BIGLIETTO PER ANGELO 
di Riccardo Insolia

Caro Angelo, quando ripenso alle prime occasione di incontro con te e con la tua ricerca estetica sono sempre pervaso da una sorta di sbigottimento e mi chiedo da dove abbiano avuto origine alcuni elementi distintivi che nel tuo modo di fare arte erano immediatamente leggibili: una così grande libertà, una così forte autonomia, una così ostinata e semplice fiducia di poter operare con il suono, con il corpo, con il segno...

In un ambiente che preferiva ignorarti continuavi a proporre, a cercare, a produrre, trovando altrove riferimenti e apprezzamenti. Coraggio e semplicità umana, fantasia e piacere del suono senza etichette, senza diplomazie, senza frustrazioni. C’era quasi invidia (ma più giusto sarebbe parlare di ammirazione) in me per quello che uno tanto più giovane riusciva a realizzare, mentre io ancora, quasi da solo o con pochissimi altri, mi affannavo a mettere insieme a Catania un ensemble in grado di lavorare sul Novecento storico e sulla musica nuova. Intanto grazie a te e a Emanuele Casale e a Federico Incardona altri varchi si aprivano per me, nuove riflessioni e nuove dimensioni.
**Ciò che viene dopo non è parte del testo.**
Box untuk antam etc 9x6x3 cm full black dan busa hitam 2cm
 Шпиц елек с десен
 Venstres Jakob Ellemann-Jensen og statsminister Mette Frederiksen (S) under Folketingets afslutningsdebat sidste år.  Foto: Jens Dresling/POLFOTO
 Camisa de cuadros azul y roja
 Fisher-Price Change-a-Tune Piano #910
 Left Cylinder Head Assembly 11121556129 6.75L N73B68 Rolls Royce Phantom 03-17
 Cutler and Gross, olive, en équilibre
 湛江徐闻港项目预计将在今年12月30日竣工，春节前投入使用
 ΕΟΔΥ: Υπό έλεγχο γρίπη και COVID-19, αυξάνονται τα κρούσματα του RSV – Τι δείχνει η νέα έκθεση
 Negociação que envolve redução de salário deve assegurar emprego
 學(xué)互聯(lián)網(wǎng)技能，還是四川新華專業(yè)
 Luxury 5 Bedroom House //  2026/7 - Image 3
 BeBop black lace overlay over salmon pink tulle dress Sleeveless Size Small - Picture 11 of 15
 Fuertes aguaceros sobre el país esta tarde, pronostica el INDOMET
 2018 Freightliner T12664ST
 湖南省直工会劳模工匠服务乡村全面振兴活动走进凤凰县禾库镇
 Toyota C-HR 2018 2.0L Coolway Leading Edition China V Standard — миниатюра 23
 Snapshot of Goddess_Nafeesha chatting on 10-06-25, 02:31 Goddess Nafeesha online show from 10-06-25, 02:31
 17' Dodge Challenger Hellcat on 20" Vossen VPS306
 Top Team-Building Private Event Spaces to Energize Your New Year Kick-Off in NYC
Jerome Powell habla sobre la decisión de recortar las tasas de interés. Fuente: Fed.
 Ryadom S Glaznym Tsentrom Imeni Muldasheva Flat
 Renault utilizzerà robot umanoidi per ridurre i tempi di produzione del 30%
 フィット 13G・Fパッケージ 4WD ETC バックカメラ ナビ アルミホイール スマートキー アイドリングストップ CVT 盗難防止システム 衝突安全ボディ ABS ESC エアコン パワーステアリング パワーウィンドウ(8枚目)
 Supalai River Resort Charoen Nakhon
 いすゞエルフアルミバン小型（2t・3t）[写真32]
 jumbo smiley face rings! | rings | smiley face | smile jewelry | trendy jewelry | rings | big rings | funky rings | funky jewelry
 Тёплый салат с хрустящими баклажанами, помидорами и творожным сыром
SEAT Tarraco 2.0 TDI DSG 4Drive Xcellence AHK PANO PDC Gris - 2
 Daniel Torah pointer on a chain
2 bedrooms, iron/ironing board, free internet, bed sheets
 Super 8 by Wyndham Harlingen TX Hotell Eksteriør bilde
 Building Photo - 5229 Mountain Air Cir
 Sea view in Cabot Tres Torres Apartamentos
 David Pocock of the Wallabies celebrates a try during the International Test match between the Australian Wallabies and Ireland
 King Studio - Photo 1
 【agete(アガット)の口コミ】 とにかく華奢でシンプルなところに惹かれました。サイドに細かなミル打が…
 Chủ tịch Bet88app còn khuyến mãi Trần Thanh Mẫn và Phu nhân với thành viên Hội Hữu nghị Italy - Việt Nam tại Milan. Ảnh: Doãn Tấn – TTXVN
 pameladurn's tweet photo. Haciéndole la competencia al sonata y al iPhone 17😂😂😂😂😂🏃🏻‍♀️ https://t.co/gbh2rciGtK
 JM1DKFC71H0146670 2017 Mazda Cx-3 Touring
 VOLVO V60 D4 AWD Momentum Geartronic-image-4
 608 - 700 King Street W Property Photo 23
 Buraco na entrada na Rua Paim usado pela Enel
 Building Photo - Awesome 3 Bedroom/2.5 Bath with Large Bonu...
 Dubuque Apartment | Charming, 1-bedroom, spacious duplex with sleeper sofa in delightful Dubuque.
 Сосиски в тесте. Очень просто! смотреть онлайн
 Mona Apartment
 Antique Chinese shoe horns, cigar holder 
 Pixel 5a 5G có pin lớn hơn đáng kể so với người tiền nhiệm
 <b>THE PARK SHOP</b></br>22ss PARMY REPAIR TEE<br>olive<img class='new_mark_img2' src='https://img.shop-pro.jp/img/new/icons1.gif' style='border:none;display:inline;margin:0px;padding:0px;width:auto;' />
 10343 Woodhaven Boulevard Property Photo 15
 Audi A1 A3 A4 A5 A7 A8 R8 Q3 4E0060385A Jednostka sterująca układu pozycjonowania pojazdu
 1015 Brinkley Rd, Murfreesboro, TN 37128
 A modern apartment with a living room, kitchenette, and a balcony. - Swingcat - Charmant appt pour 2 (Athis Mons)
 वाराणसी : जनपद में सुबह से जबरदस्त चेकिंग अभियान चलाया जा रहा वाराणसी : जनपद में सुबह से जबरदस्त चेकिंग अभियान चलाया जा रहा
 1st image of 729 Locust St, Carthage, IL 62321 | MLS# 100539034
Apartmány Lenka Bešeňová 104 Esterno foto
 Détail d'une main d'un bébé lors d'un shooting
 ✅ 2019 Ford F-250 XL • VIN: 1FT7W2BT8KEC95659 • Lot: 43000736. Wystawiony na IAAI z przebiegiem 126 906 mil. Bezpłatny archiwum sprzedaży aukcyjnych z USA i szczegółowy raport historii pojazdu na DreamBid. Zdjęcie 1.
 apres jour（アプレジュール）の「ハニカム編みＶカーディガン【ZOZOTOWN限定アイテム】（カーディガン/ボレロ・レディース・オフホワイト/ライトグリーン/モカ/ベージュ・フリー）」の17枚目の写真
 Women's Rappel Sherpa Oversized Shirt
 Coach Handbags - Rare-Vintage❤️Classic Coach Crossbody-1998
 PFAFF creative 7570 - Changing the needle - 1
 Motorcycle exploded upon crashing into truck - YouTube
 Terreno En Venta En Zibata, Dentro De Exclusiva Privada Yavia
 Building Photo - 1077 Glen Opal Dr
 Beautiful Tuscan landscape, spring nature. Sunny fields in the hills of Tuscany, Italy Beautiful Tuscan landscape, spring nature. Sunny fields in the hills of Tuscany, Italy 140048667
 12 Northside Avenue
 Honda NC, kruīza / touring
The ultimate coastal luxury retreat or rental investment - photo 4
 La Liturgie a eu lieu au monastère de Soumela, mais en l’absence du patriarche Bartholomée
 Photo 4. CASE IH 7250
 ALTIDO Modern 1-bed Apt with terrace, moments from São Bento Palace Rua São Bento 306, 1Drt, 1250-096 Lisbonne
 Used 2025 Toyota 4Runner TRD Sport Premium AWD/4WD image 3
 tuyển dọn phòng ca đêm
Dalla tua ricerca è venuta una lezione di coraggio e di libertà personale e artistica e di questo, visto che non l’ho mai fatto prima, ti devo ringraziare.


έλαβε έλαβα 
by Krassimir Sterev

Eternal
Profound
Expressive in all its facets
Extraordinary aesthetical sense
So beautiful
So eine Kraft
Я помню чудное мгновение
και ποσες φουρτουνες περασες
Und Danke
Für SO WAHR, SO SEIEND


POESIA IN PROSA SPONTANEA 
di Giovanni Damiani

...Dietro le quinte ed al vertice del triangolo, con uno sguardo finalmente fiero, di una conquista... al comando dell'armata del suono, che punzecchia e seduce la musica sorda per farle urlare il sentimento di chi ama: Angelo.


DI-SEGNI 
di Damiano Meo

Due toni essenziali: un colore sottointeso. E scompigliante bisogno primordiale di rappresentare, percezioni. Che si accendono attraverso segni rapidi e rapiti, al giorno e alla notte, e lasciati bruciare - nell'instabilità potentemente armonica di una fiamma. Fino all'incenerimento, che diventa inchiostro. Su candida carta che viene sporcata, di esperienza, di fenomeno.
DiSegni, che infrangendosi teneramente con il mondo degli scarabocchi, sorvolano i labirinti di un ghirigoro psicologico, attraversando acrobaticamente la circonferenza Tao, annusando la geometria della foto, sbullonando il videogame che vorrebbe prendersi gioco del giocatore. Si potrebbe semplicemente definirli paesaggi interiori ed ulteriori, trasvolandoli. Ma è l'esteriore invece che - dal Giappone al Mexico, dal microchip alla scultura Azteca - s'inalvea nell'individuo, per divenire vissuto e per trasmutarsi in vivente.
E il disegno seibutsu - dal giapponese - ingloba proprio il significato di "qualsiasi forma di essere vivente": ogni organismo è un paesaggio ed ogni paesaggio è un organismo, ad un tratto. Così ogni DiSegno è tanto microcosmo analizzato allo stereomicroscopio quanto universo visto da uno shuttle, con polvere di stelle e buchi neri, particelle, cromosomi, spermatozoi e legami covalenti.
Angelo Sturiale è un ricercatore d'armonie, un artista pluridisciplinare, un rabdomante nell'atavica rotta del codice binario dell'inchiostro su carta. Traccia il suo tragitto come lumaca sull'asfalto e raccoglie magma psichico, metabilizzandolo in riformulazioni e interpretazioni.
L'artista - come un primitivo che incide la caverna, cercando un contatto, quasi ancestrale, con il mistero dell'esserci - estrapola il suo Yin e accende il suo Yanh, compone, scompone, decompone e ricompone. Parla senza parlare, suona senza suonare. Fa all'amore con le sue contraddizioni, riflessioni, proiezioni e provocazioni, cercando, nel dedalo dell'ipermediatizzazione e globalizzazione suoni di shakuachi e marranzano. Con la pressione di un sottile ed intenso tratto, sul vuoto, in un riempimento, sussurrato quando, tra advertisement e 3D, in un frullatore di tinte schiumanti, ci si è dimenticati - forse - di pesare l'essenza.
L'uomo non può prescindere dall'uomo, nel decodificarsi e decorarsi del silenzio di una meditazione, esponendosi. E riflettendosi in forme ampie e dinamiche. Immergendosi nel contenitore dal contenuto incontenibile dell'espressione artistica; che si lascia possedere dallo sguardo che l'accoglie, pungolando e sollecitando echi immaginifici e introspezioni temporali ed esistenziali.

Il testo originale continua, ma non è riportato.